DAYTON, Ohio (AP) — A Dayton judge is starting a drug court targeting female defendants to address larger issues that are bringing more women into the justice system.
Montgomery County judge Gregory Singer proposed the idea after years of seeing female victims of abuse and sex trafficking return to his courtroom as defendants, often addicted to drugs.
"Prostitutes, or as I call them, prostituted women, are more victims than perpetrators inasmuch as they are in sex trafficking, they are the product, a human product," Singer told the Dayton Daily News (http://bit.ly/1iC05n9) . "Women in our criminal justice system are pretty well under-served."
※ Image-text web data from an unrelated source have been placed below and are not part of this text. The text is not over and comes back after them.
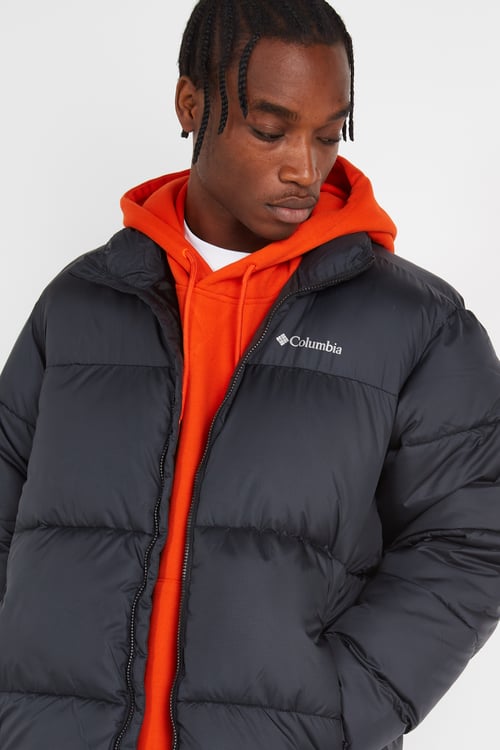 COLUMBIA Lightweight quilted padded jacket with high neck Black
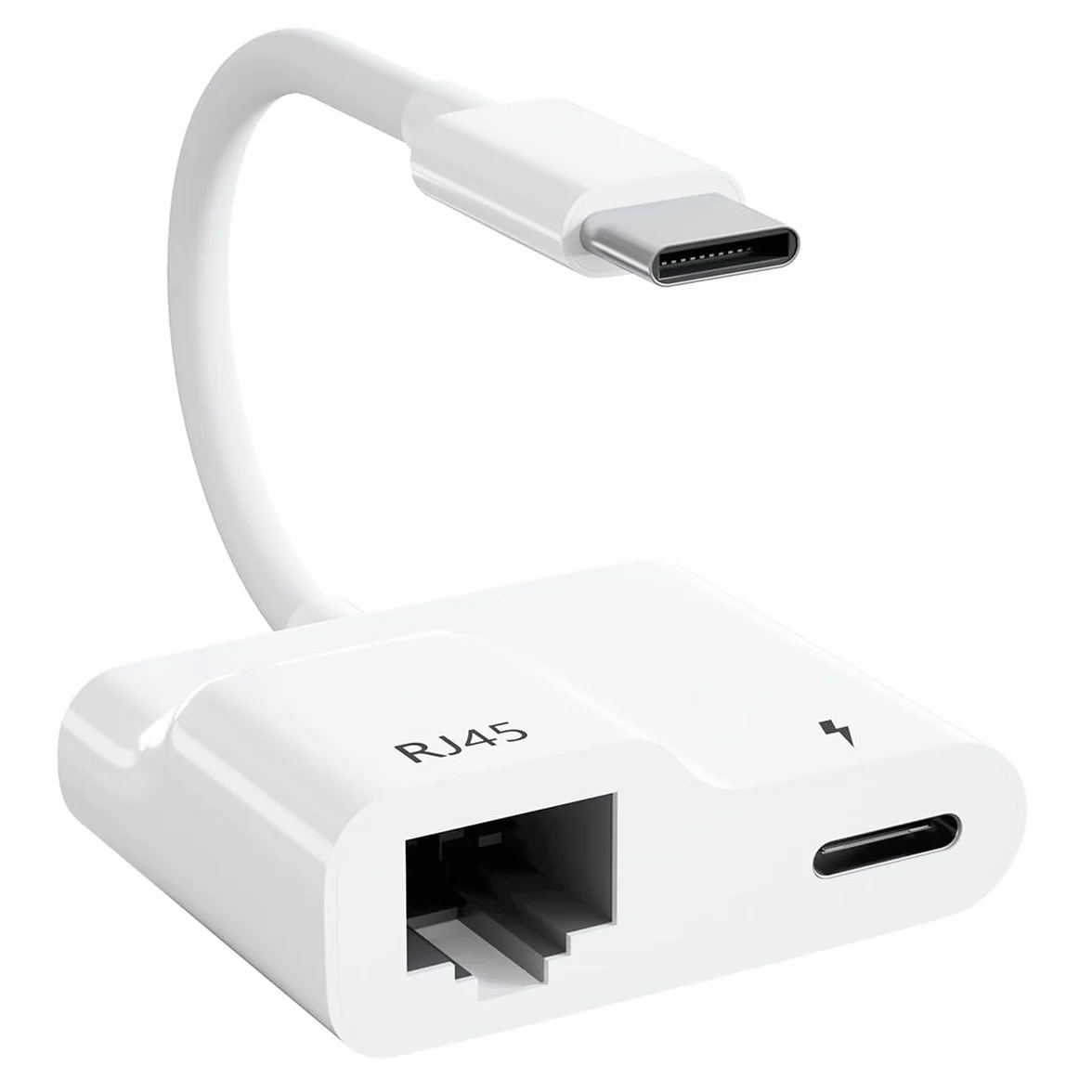 DollaTek karta sieciowa USB-C na RJ45 100 Mbit/s Ethernet adapter z PD ładowanie telefonu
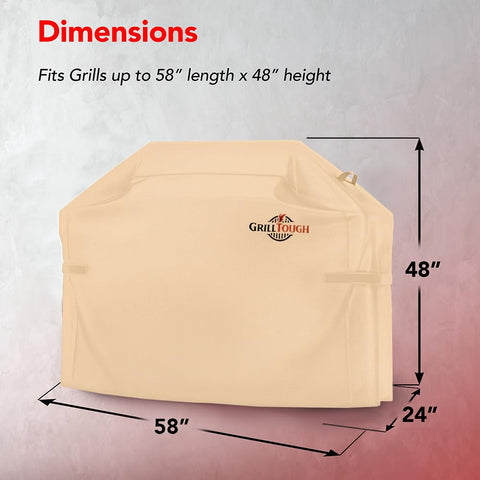 GrillTough waterproof grill cover keeps your grill dry after storms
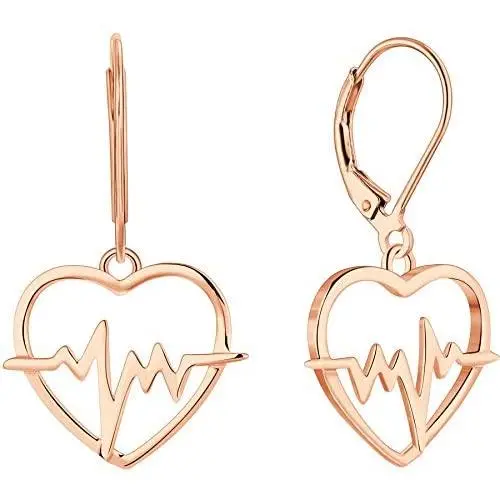 YL Serotonin Necklace 925 Sterling Silver Heartbeat Pendant Infinity Heart Jewelry
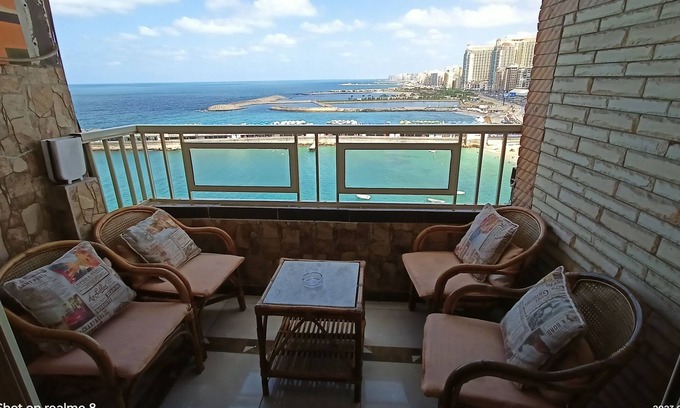 Ar-Raml 1 Apartment | Gleem Luxury apartments direct Sea view Alexandria جليم بحر مباشر فيو روعة n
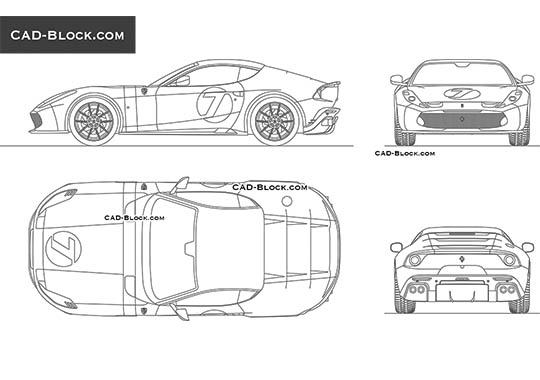 Ferrari Omologata V12 - download vector illustration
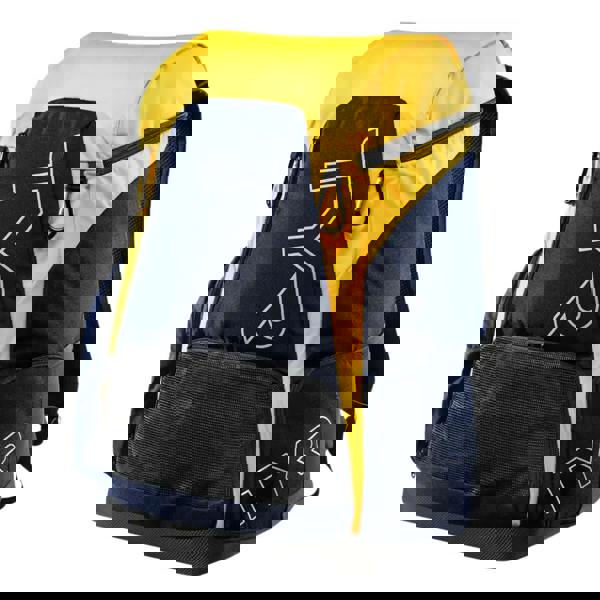 Tyr Alliance Team Backpack 45L in navy yellow with mesh pocket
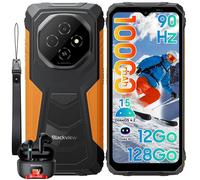 Blackview FORT 1 Smartphone Incassable 6.56"" 12Go+128Go 10000mAh Android 15 NFC Orange avec Blackview Airbuds 8
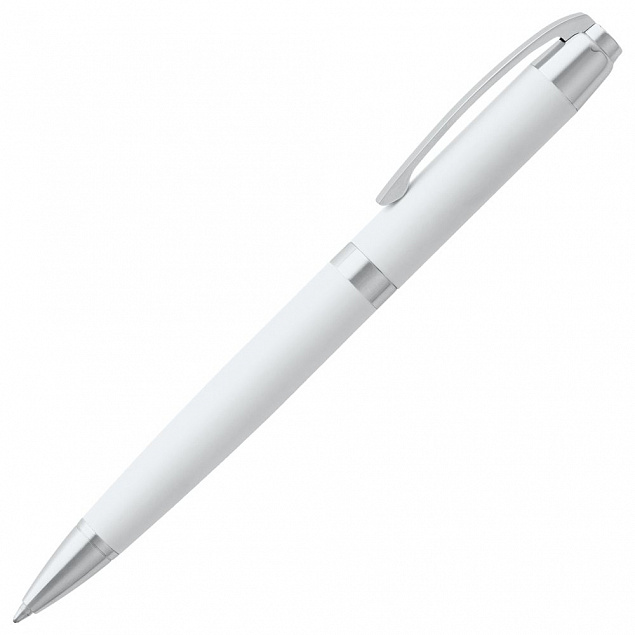 Ручка шариковая Razzo Chrome, белая с логотипом в Белгороде заказать по выгодной цене в кибермаркете AvroraStore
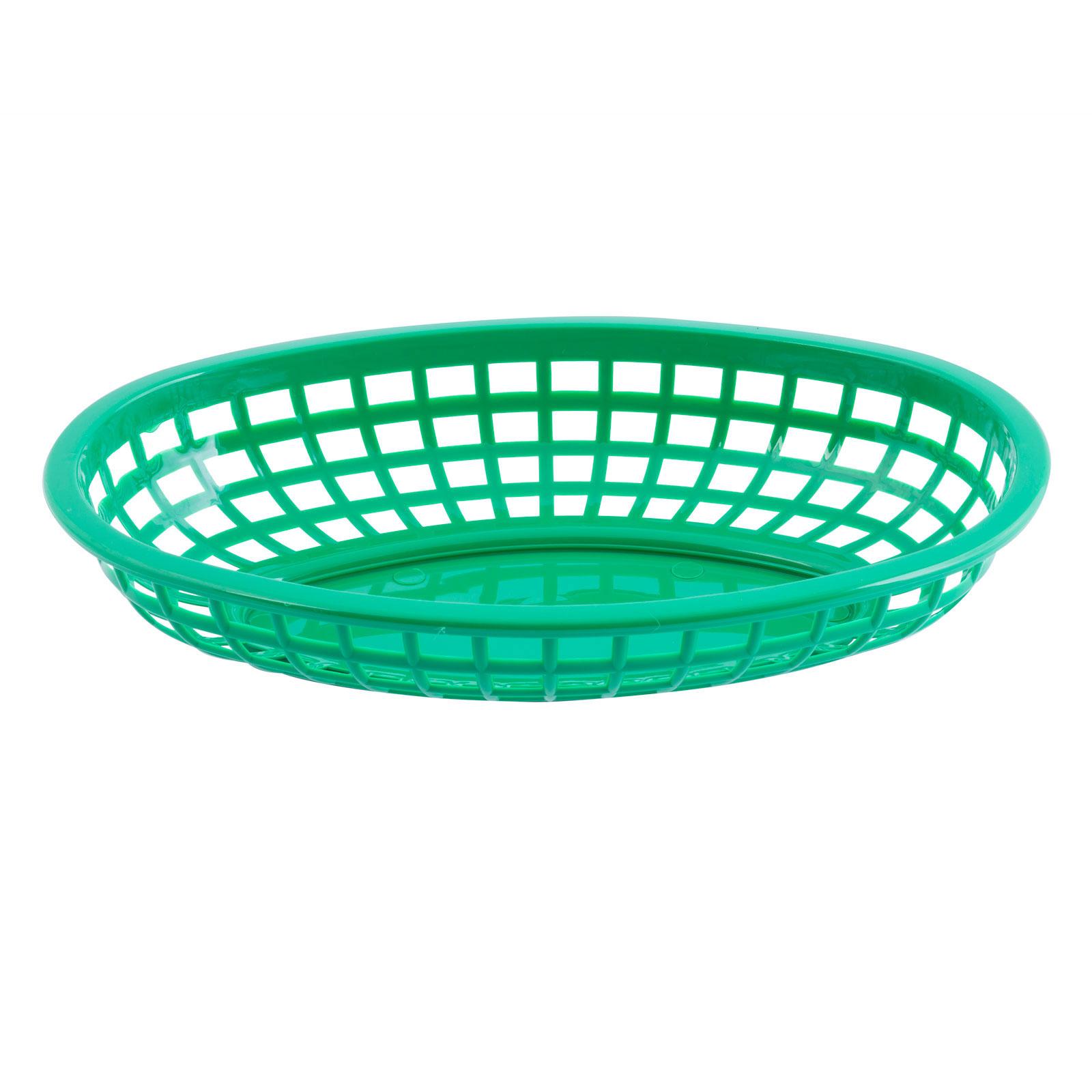 Green Oval Classic Basket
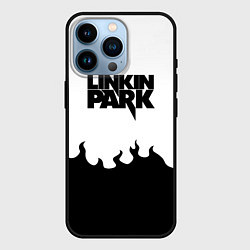 Чехол для iPhone 14 Pro Linkin park rock fire, цвет: 3D-черный
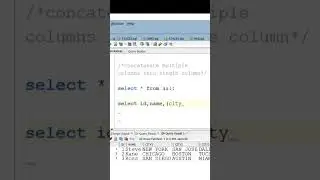 how to get multiple columns into one column in oracle||concat||ORACLE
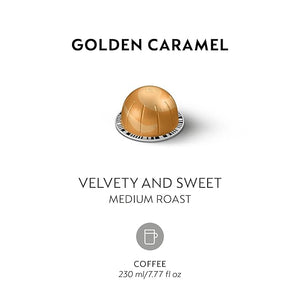 Nespresso Golden Caramel Vertuo Coffee Pods is a premium product available at best price in Pakistan at Elite Grocery Store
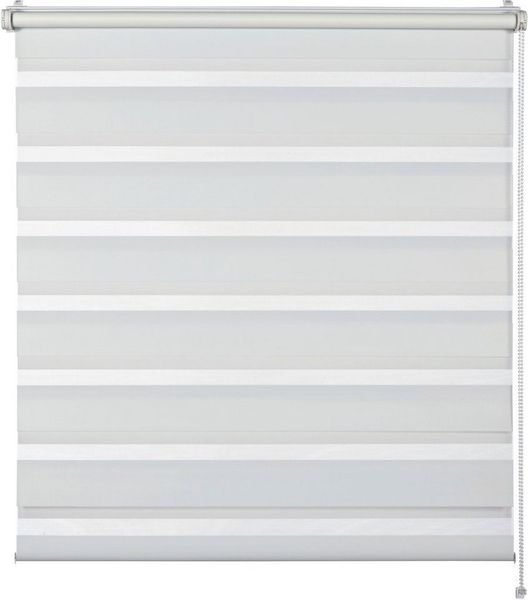 Doppelrollo Tilda, SCHÖNER WOHNEN-Kollektion, transparent, mit Bohren/ohne Bohren, freihängend, Klemmfix, geklemmt, silberne oder weiße Rollo-Technik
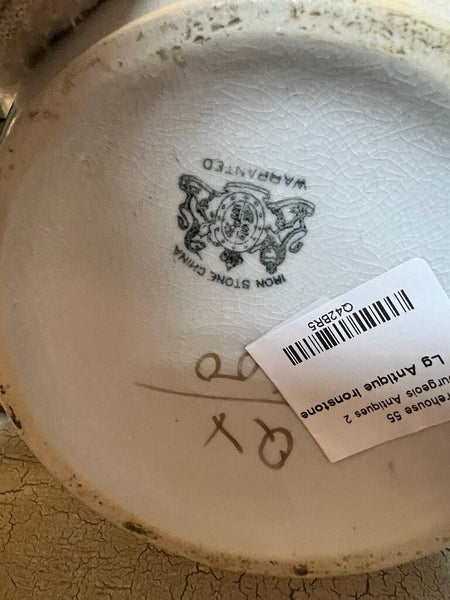 Lg Antique Ironstone Pitcher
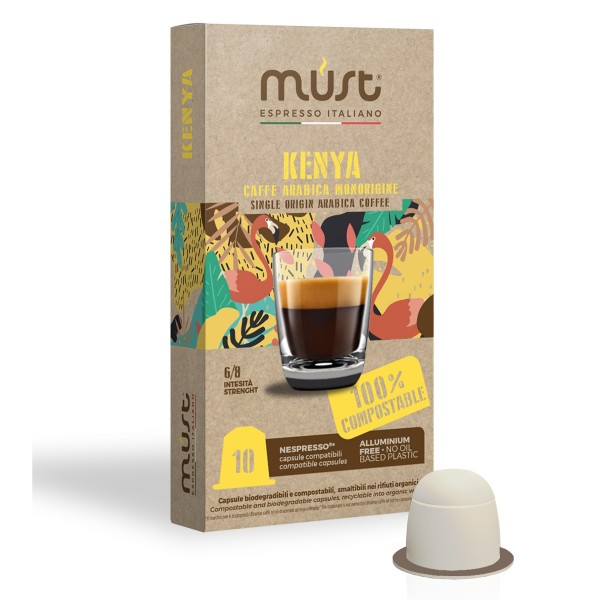 Must Kenya 10 броя Кафе капсули съвместими с Nespresso система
The Montgomery County court program, modeled after one in Franklin County and set to begin later this year, will require police, court officials and treatment groups to work together to address issues facing women.
Those issues include drug addiction, human trafficking, domestic abuse, sexual abuse and mental health problems.
The program will also address pre-natal care, parenting, education, housing and nutrition.
Drug cases are now evenly split among men and women, a change from past decades when nearly all drug defendants were male, said Montgomery County Common Pleas Court Administrative Judge Michael Tucker.
Women entering the court system are the most challenging population judges will deal with, said Judge Paul Herbert, who runs the Changing Actions to Change Habits, or CATCH Court, in Franklin County Municipal Court in Columbus.
"Women that come into this program have a tremendous amount of trauma," Herbert said, citing data that nearly three of every four defendants were sexually abused as young children.
Specialty courts have been created in Ohio and around the country in recent years, targeting drug addicts, veterans and the mentally ill, among others. The concept is based on focusing resources on defendants with shared circumstances rather than treating all offenders the same.
Butler County Common Pleas Court in southwest Ohio has specialty dockets addressing drug use, mental health and child non-support.
"You have to have good investment throughout the community and a need for that particular program," said that court's administrator, Rob Menke.